だが日本の家庭では、親は子どもの都合に合わせて生活する。例えば、長男は宿題をなかなかやらない。ネルケさんは「やるのは本人だし、放っておけばいい」と言うが、日本人の妻は「親の責任として放っておけない」と宿題をやらせようとする。また親は学校のPTAや地域の子ども会に参加し、子どもが所属するスポーツクラブでは送迎や球拾いといった練習のサポートをする。

 ドイツでは、親はそこまで子どもにかかわらない。子どもたちは午前7時過ぎから学校の授業を受け、お昼すぎには帰宅する。それから親が帰ってくる夕方まで、サッカーをやったり、図書館で調べ物をしたりする。宿題をする・しないも自由だ。子どもたちはそこで主体性をはぐくむ。

 日本では、子どもたちは家庭も学校も集団生活で、親や先生など常に誰かがそばにいる。
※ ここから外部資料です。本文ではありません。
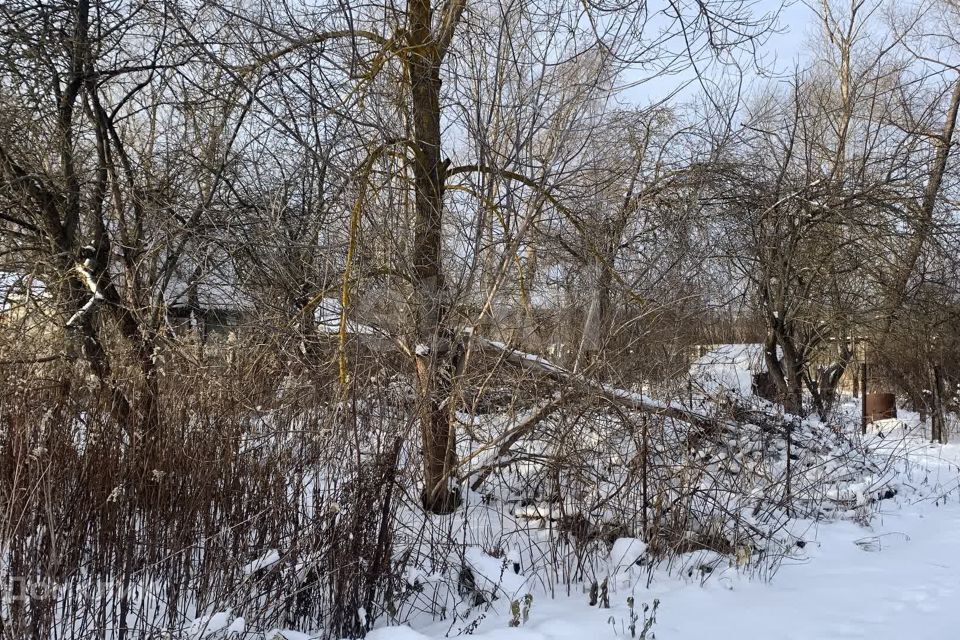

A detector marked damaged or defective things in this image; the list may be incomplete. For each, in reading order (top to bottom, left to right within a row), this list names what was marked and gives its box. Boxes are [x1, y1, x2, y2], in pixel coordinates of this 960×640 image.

rusty metal object [868, 392, 896, 422] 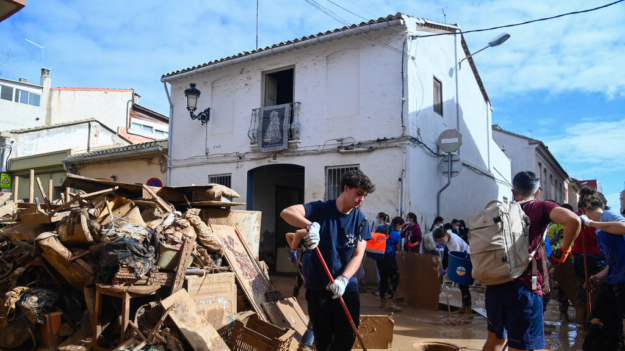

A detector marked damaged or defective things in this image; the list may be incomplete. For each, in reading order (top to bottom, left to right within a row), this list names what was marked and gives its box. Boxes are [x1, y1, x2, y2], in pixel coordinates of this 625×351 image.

broken wooden plank [160, 290, 230, 350]
broken wooden plank [354, 316, 392, 350] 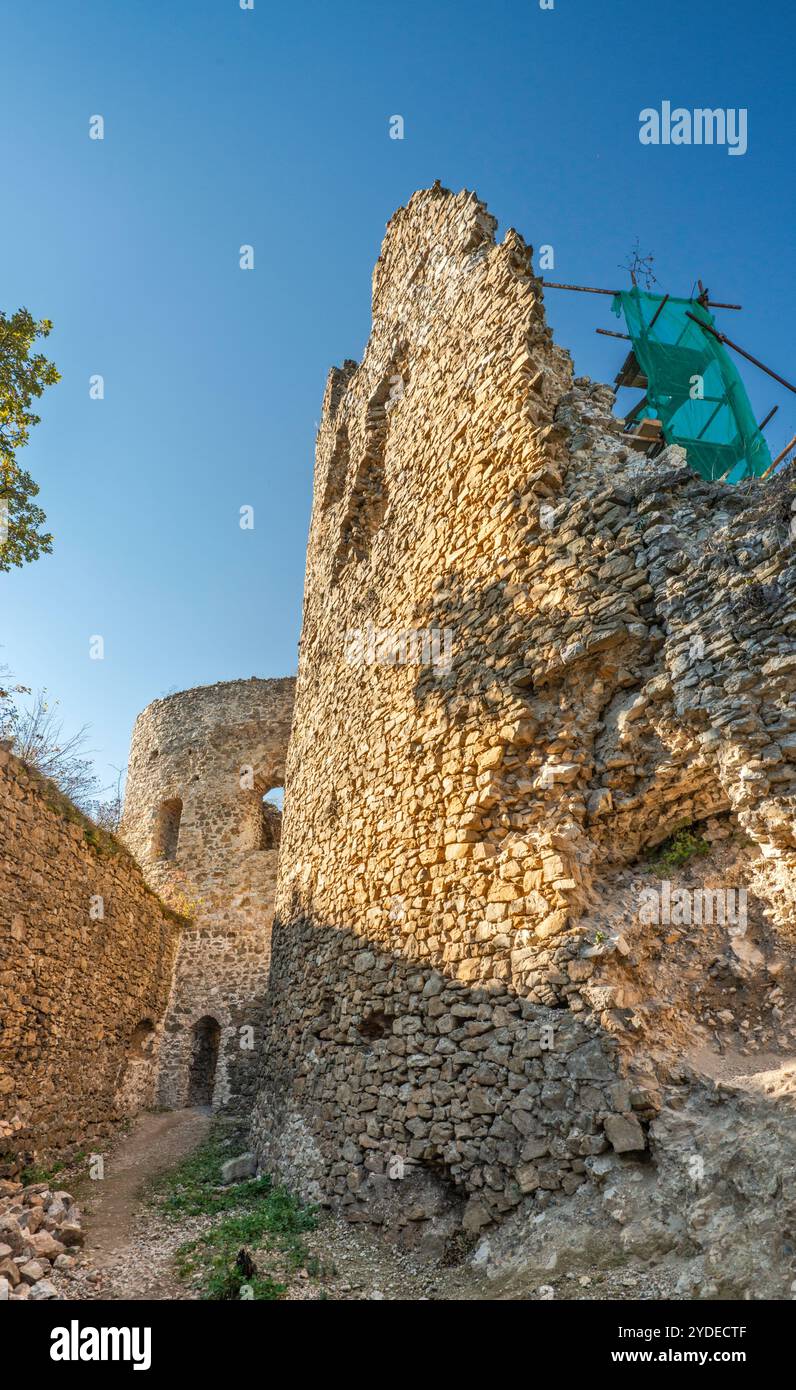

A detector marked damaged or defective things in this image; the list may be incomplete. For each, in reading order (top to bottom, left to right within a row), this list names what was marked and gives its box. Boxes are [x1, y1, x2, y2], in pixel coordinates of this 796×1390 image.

ネルケさんは「良い面もあるけれど、親や先生の下で過ごす時間が長いため、子どもが自分で考えて行動し、伸びるためのベースが育ちにくい」と考えている。

 ネルケさんが、子どもたちが通う学校の授業参観や発表会に行った時のことだ。子どもたちは保護者らの前で作文を発表したり、練習してきた歌や演劇を披露したりする。筆者にとっては当たり前の光景だが、ネルケさんには不思議に映った。「子どもたちの発表している内容は先生が企画したもので、練習の成果を披露しているだけ。子どもの生の声ではない」。

 ドイツでは授業参観はないそうだ。「同じことをドイツでやったら、子どもたちはお互い主張しあって、会がぐちゃぐちゃになってしまうだろう。しかし、子どもたちは主張をぶつけ合うことで理性を持って討論することを学んでいく」とネルケさんは言う。